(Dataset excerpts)
>>>>

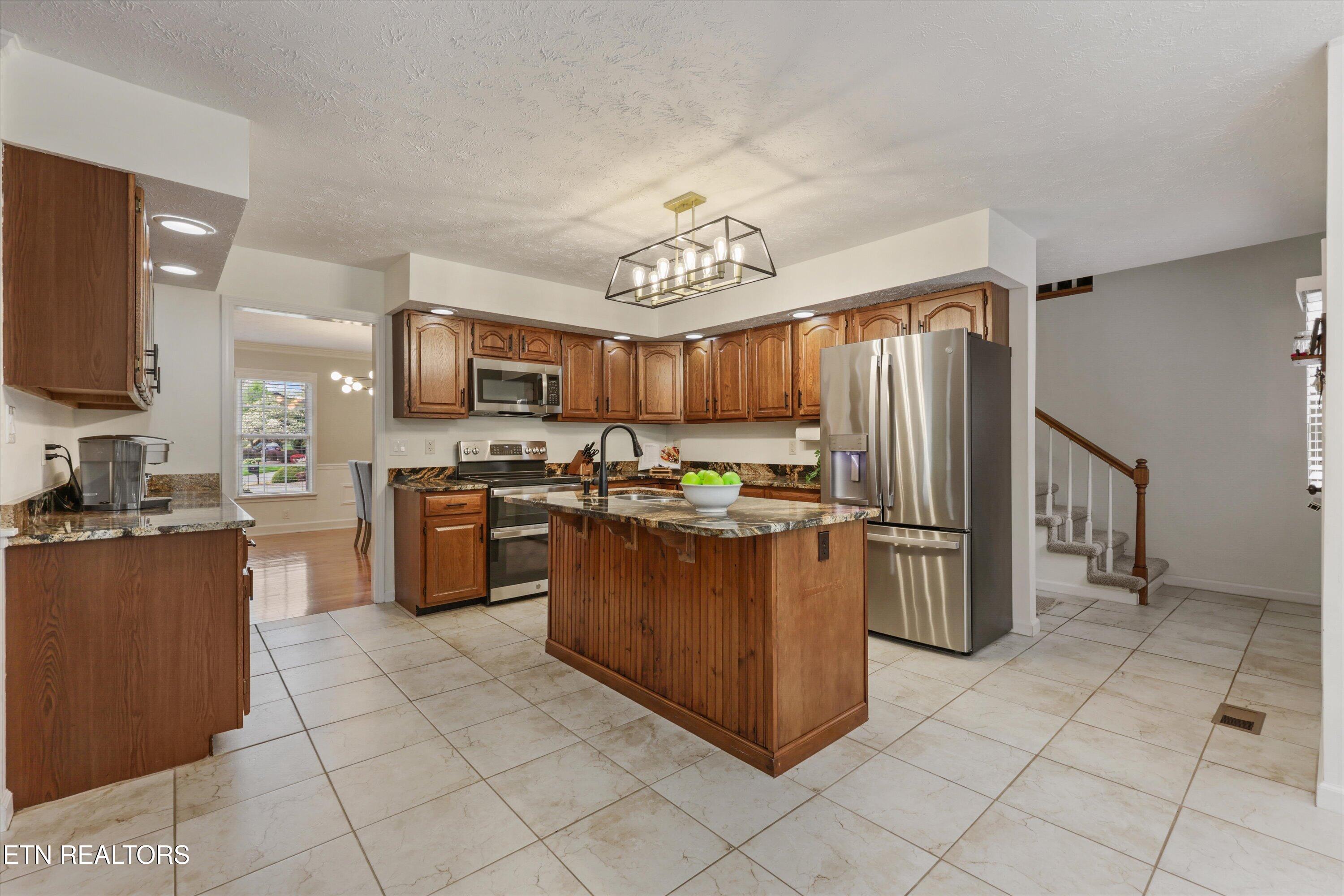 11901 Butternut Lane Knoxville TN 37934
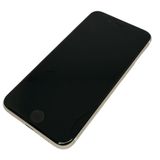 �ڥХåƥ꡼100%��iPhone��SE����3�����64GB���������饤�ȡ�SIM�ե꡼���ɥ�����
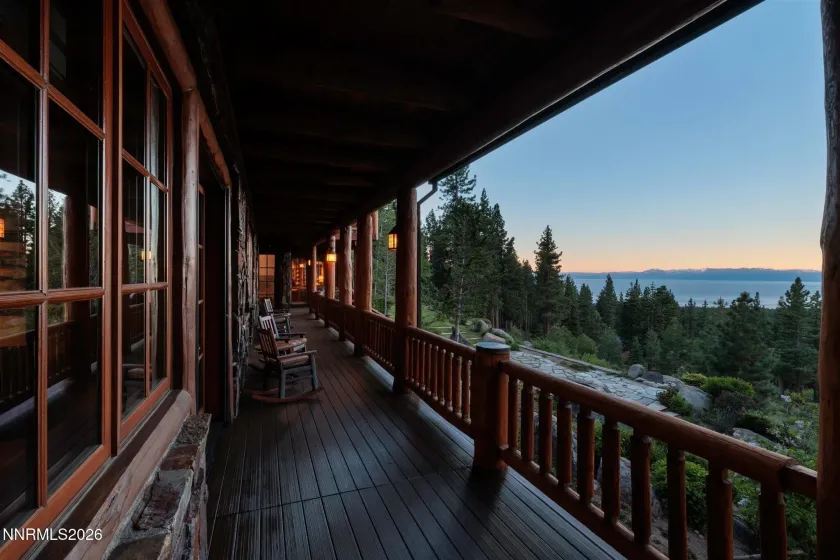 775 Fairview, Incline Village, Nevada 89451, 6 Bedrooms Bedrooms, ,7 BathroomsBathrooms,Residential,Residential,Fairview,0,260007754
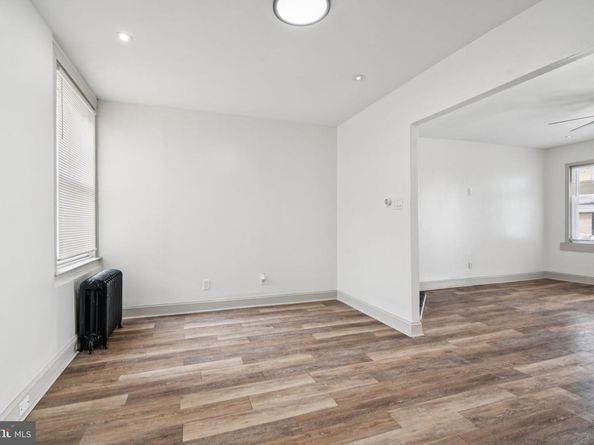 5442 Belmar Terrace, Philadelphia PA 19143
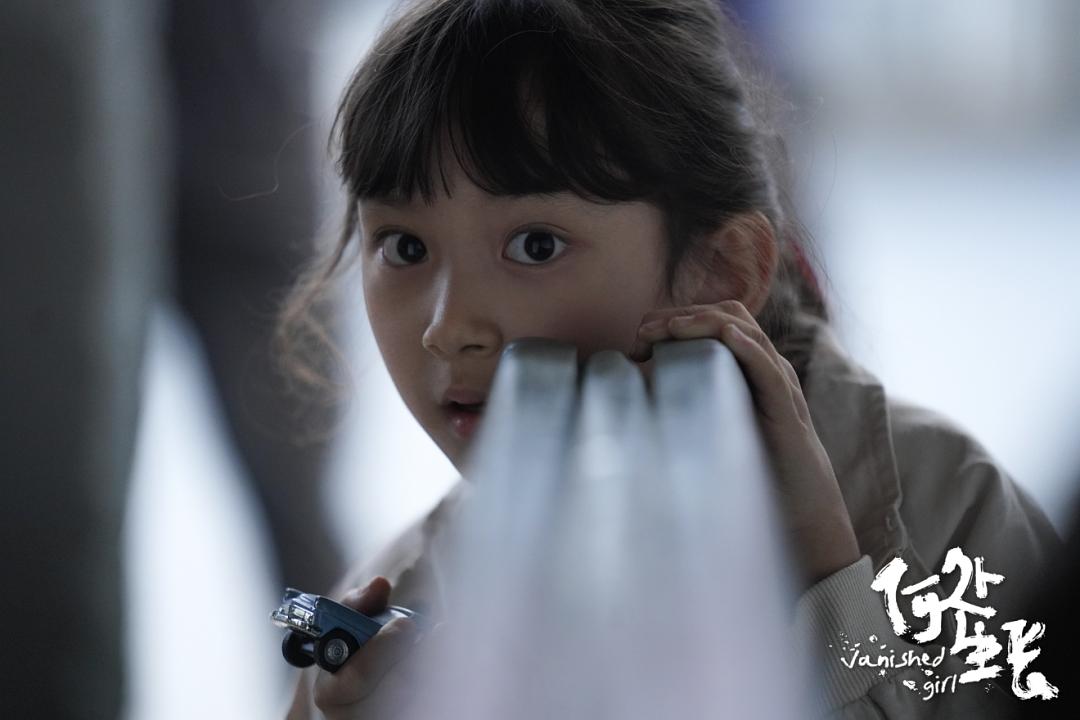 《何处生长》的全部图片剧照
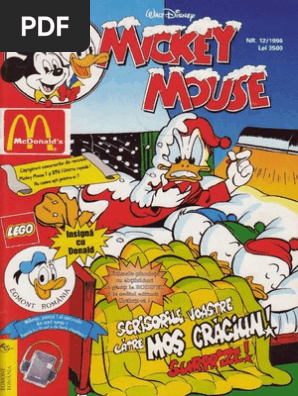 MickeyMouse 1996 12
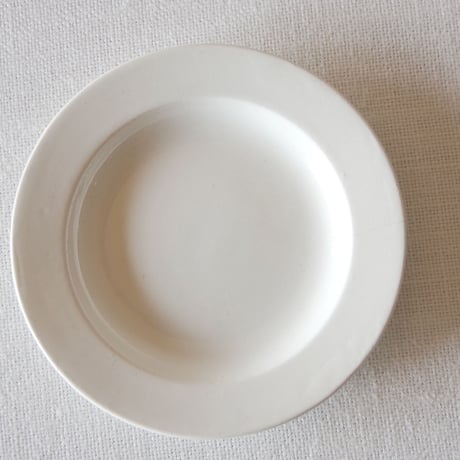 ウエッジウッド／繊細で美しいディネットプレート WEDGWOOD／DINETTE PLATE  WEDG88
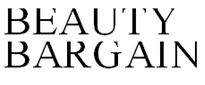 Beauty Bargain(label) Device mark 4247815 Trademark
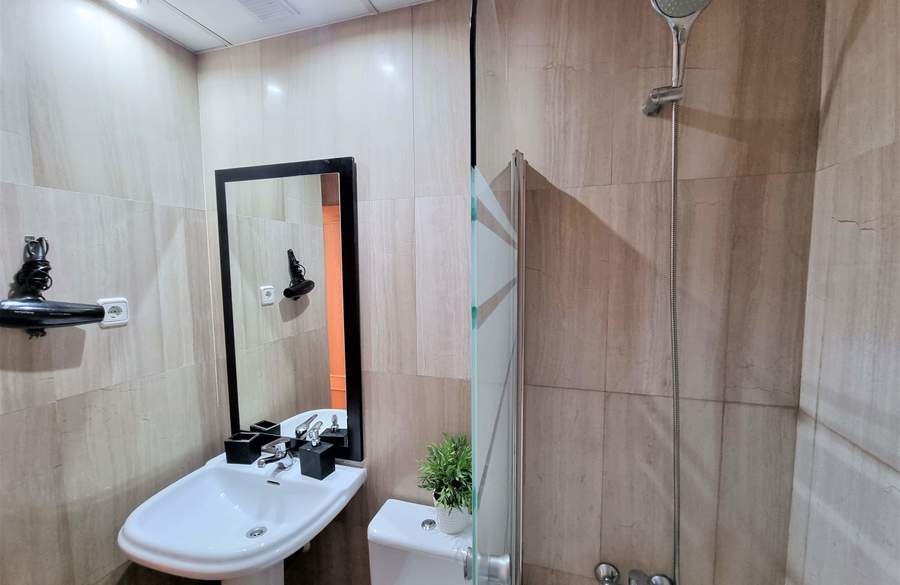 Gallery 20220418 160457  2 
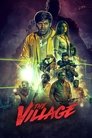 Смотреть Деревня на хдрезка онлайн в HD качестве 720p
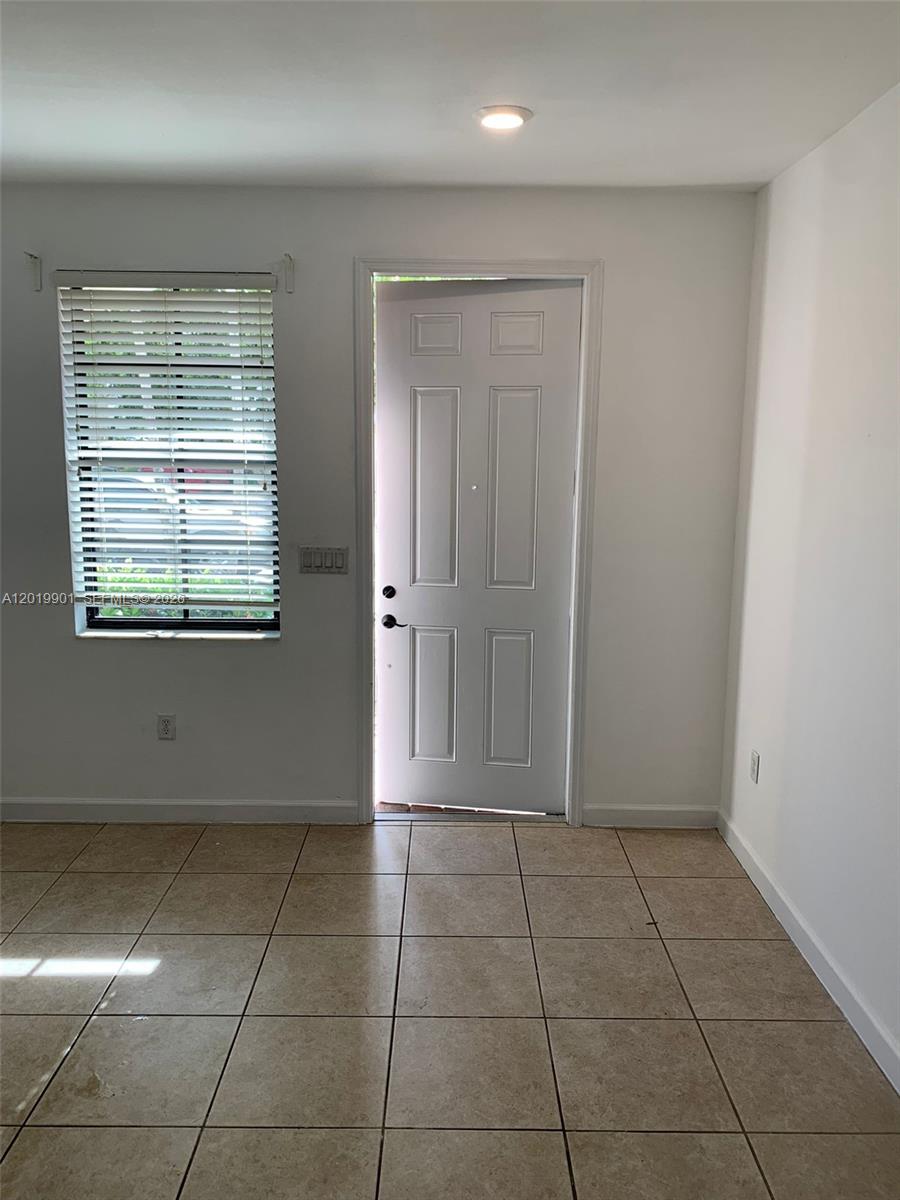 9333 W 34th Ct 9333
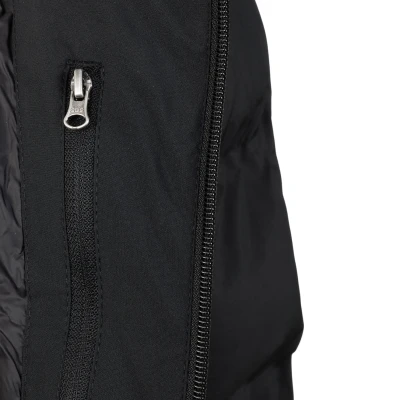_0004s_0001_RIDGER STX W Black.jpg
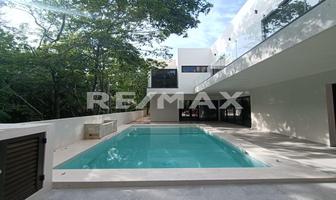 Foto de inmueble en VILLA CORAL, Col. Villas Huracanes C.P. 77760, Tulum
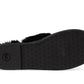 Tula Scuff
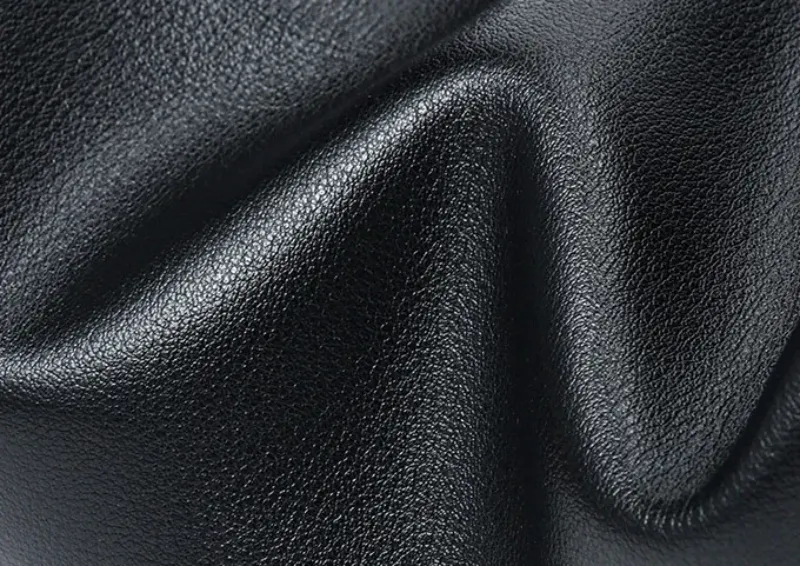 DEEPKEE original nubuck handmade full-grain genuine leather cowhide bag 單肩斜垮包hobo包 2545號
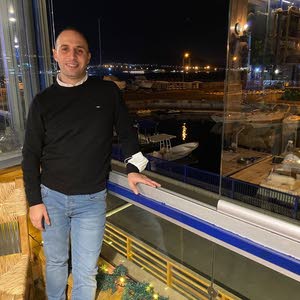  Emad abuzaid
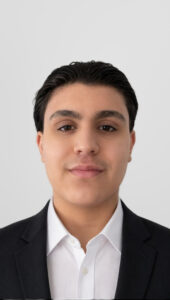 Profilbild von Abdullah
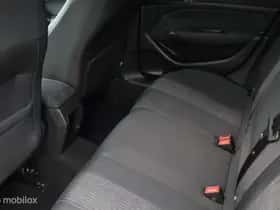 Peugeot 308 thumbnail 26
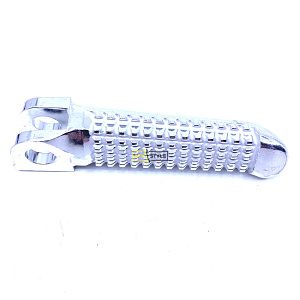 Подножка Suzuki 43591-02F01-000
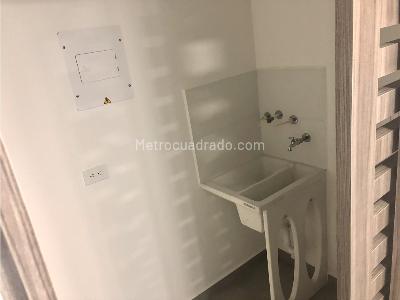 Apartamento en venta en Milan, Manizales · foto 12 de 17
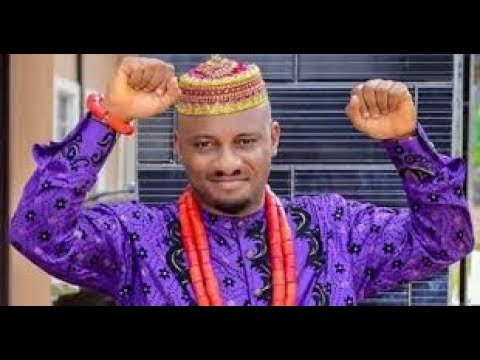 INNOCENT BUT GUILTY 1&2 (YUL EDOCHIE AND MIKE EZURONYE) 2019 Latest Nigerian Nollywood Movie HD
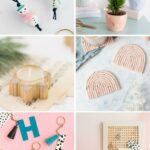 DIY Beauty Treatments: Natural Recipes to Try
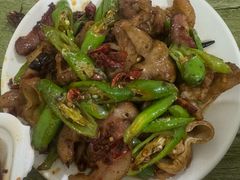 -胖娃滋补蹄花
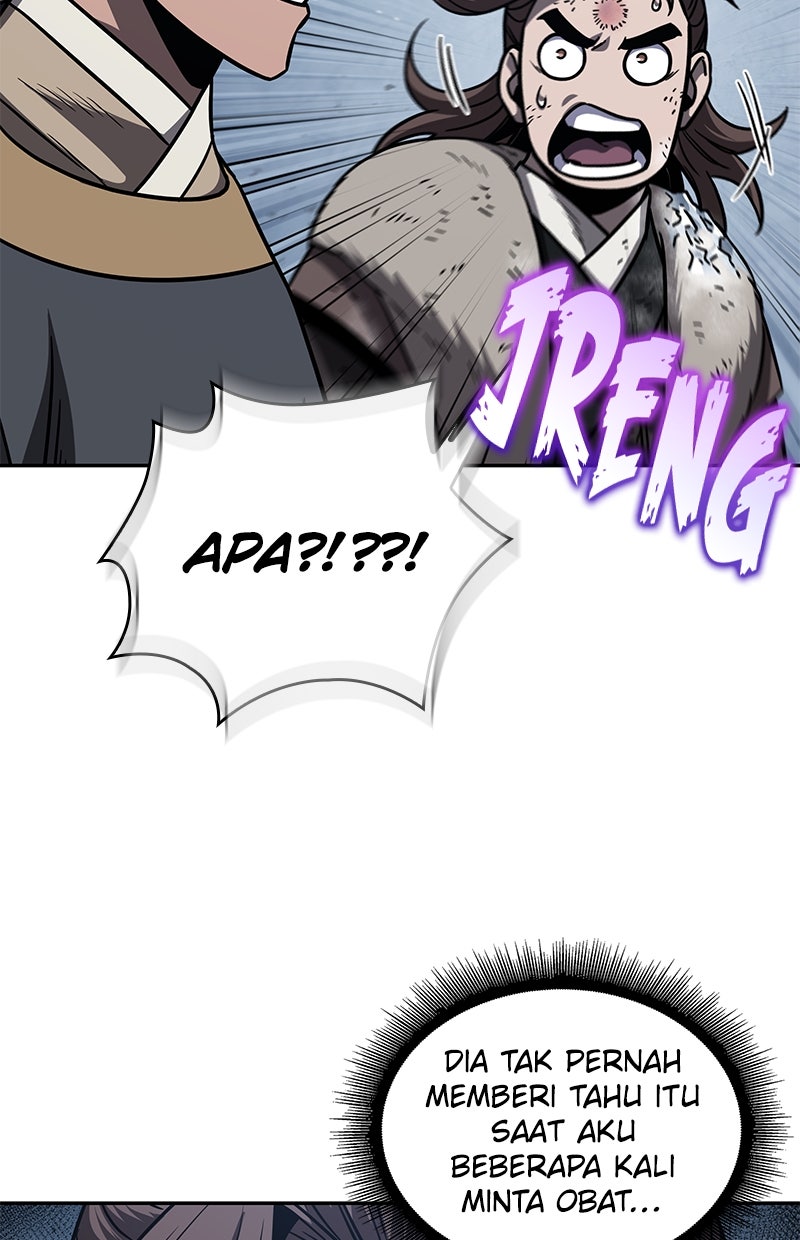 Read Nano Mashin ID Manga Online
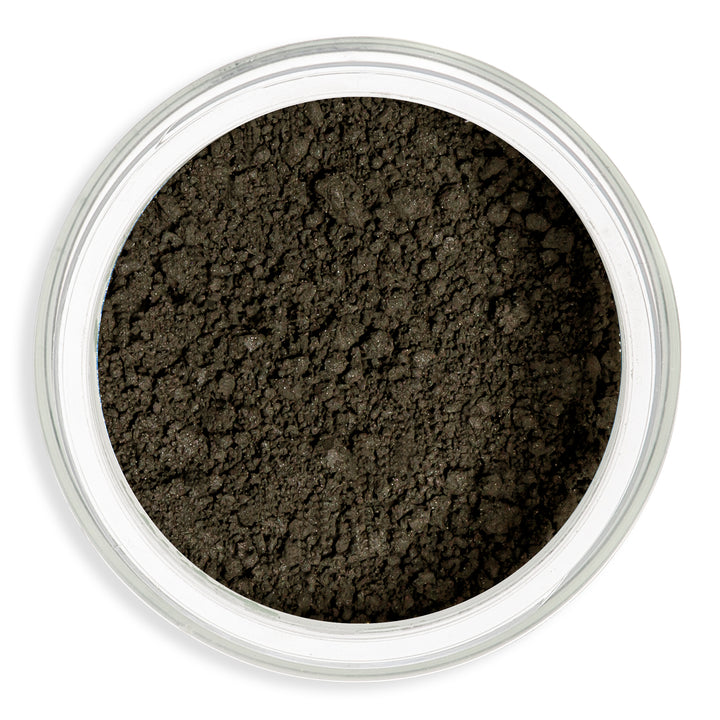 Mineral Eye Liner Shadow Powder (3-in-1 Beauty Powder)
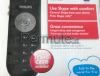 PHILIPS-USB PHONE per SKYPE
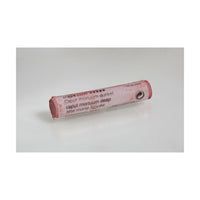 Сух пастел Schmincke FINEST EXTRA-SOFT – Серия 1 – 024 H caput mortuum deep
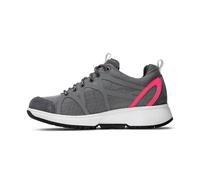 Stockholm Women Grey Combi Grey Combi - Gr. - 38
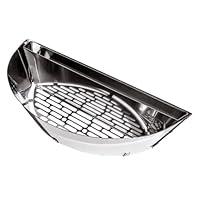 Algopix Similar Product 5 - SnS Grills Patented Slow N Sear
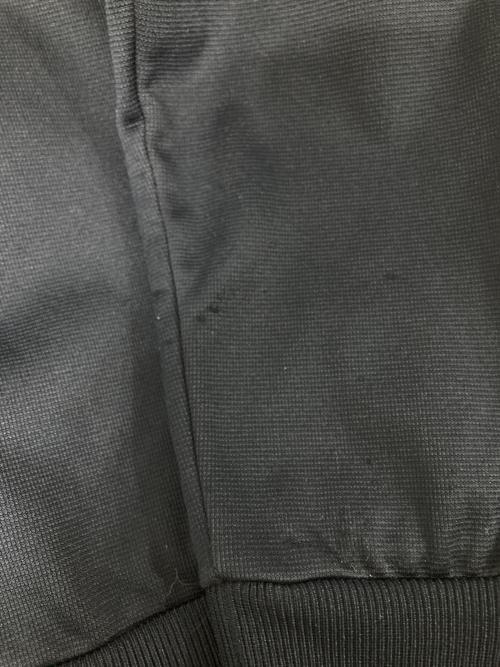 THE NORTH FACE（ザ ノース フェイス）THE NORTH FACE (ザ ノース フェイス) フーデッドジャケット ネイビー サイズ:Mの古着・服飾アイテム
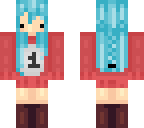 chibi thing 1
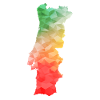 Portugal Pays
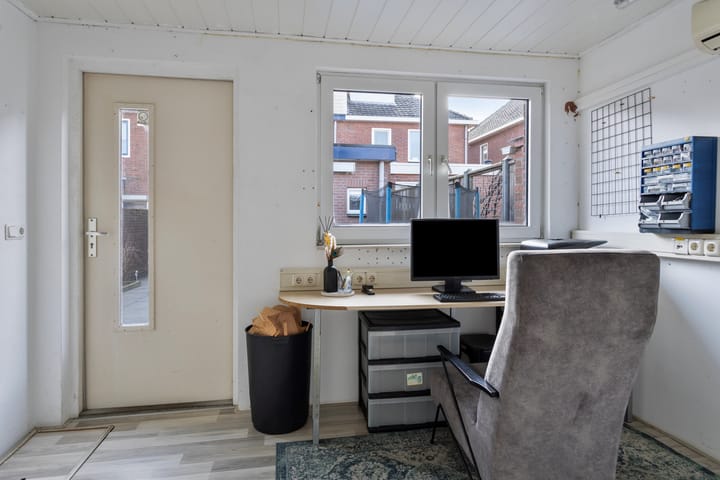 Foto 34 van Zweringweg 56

<<<<

What the task requires> The lines to be quoted run from the line containing "Смотреть Деревня на" through the end of the entries above, both included; quote them exactly and leave out any pictures.

Task result>
 Смотреть Деревня на хдрезка онлайн в HD качестве 720p
 9333 W 34th Ct 9333
_0004s_0001_RIDGER STX W Black.jpg
 Foto de inmueble en VILLA CORAL, Col. Villas Huracanes C.P. 77760, Tulum
 Tula Scuff
 DEEPKEE original nubuck handmade full-grain genuine leather cowhide bag 單肩斜垮包hobo包 2545號
  Emad abuzaid
 Profilbild von Abdullah
 Peugeot 308 thumbnail 26
 Подножка Suzuki 43591-02F01-000
 Apartamento en venta en Milan, Manizales · foto 12 de 17
 INNOCENT BUT GUILTY 1&2 (YUL EDOCHIE AND MIKE EZURONYE) 2019 Latest Nigerian Nollywood Movie HD
 DIY Beauty Treatments: Natural Recipes to Try
 -胖娃滋补蹄花
 Read Nano Mashin ID Manga Online
 Mineral Eye Liner Shadow Powder (3-in-1 Beauty Powder)
 PHILIPS-USB PHONE per SKYPE
 Сух пастел Schmincke FINEST EXTRA-SOFT – Серия 1 – 024 H caput mortuum deep
 Stockholm Women Grey Combi Grey Combi - Gr. - 38
 Algopix Similar Product 5 - SnS Grills Patented Slow N Sear
 THE NORTH FACE（ザ ノース フェイス）THE NORTH FACE (ザ ノース フェイス) フーデッドジャケット ネイビー サイズ:Mの古着・服飾アイテム
 chibi thing 1
 Portugal Pays
 Foto 34 van Zweringweg 56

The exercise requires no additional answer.